Hooker’s men started up before most of the valley was awake. Around eight o’clock on the morning of November 24, his force began crossing Lookout Creek, the stream running along the western foot of the mountain between Lookout and neighboring Raccoon Mountain. Days of rain had swollen the creek, so it had to be bridged and forded under fire, no small thing with the enemy somewhere on the slope above. Geary’s (North) column swung wide to the south and got across near a place called Wauhatchie, putting his men on the steep western flank of the mountain where the defenders were thinnest. A low band of cloud already clung to the slope, and for once the weather worked for the attackers: it helped screen the crossing from the Confederate pickets (the forward lookouts posted ahead of the main line) watching from above.

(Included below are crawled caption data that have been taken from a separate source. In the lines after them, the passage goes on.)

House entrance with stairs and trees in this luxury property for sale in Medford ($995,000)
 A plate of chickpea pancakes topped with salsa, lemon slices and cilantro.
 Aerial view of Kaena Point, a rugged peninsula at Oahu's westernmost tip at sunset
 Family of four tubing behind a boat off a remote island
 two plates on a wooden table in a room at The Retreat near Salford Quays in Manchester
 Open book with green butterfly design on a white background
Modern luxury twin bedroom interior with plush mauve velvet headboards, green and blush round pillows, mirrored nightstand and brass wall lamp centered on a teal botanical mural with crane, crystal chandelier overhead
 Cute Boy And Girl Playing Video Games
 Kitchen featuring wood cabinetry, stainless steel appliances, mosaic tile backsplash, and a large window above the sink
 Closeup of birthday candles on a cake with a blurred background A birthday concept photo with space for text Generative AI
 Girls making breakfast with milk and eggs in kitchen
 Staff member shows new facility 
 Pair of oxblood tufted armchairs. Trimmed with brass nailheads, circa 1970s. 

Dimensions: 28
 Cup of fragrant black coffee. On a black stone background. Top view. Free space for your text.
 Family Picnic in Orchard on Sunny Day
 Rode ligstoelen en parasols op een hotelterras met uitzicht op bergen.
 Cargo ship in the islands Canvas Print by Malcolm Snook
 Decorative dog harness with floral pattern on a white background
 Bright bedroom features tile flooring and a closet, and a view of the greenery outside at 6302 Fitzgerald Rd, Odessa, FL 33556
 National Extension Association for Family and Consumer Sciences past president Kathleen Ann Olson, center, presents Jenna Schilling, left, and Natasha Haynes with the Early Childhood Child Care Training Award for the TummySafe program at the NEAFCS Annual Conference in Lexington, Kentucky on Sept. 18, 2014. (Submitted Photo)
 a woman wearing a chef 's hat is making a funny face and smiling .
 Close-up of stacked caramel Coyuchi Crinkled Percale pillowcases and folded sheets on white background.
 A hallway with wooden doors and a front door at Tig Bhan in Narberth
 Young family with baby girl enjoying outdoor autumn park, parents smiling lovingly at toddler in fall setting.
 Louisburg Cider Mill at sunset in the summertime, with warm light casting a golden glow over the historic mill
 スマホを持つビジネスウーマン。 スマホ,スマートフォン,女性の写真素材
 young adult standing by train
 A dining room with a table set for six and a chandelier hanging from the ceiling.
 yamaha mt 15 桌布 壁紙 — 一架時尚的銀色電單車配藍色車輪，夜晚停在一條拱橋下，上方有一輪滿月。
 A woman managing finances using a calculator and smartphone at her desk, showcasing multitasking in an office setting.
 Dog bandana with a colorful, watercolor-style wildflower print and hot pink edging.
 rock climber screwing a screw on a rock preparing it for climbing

Then came the climb, and the climb was the real enemy. Geary’s men hauled themselves up the steep western face toward the base of the palisade, the vertical rock cliff-line that crowns Lookout Mountain near its summit, a wall of stone no infantry could storm. The fight was never going to be for the top. The palisade saw to that. The fight would be for the slope and for the narrow shelf of ground below the cliffs. So when Geary’s column reached the base of that rock wall, it did not try to scale it. It wheeled, turning to its left, north and east, and began sweeping across the mountain’s north face, rolling along the slope toward Chattanooga and rolling up the thin Confederate picket line from the flank as it went. To hit a line from the flank is to come at it from the side or the end rather than head-on, where a few defenders cannot face the blow without their whole position unhinging. That is the difference that decided this battle: the mountain was being turned, levered off its position by a blow to its side, not stormed, charged straight up the front into the defenders’ rifles.
For Walthall’s (South) outnumbered Mississippians, strung along that mile of slope, it was an impossible morning. Hit from the flank by a force several times their size, they could do little but fight a delaying action, falling back from one rocky position to the next, trading boulders and ground for time, never able to plant themselves long enough to make a real stand. Somewhere on that same ground, climbing from the Union side, a sergeant major of the 96th Illinois (North) hauled himself hand-over-hand up wet rock he could barely see, men slipping and going down all around him in a fog that closed to a few dozen yards, and decided, then or later, that he was on “undoubtedly the roughest battle field of the war.” The cost that day was paid less in casualty lists than in exhaustion and falls.
The picture in the popular memory, a heroic charge up a sheer mountain into the teeth of the enemy, is not quite what happened. What happened was a hard, miserable climb and then a long flanking sweep across a slope, against defenders too few and too spread out to hold it. The bravery was real. The ground was genuinely brutal. But the mountain was being turned, not stormed.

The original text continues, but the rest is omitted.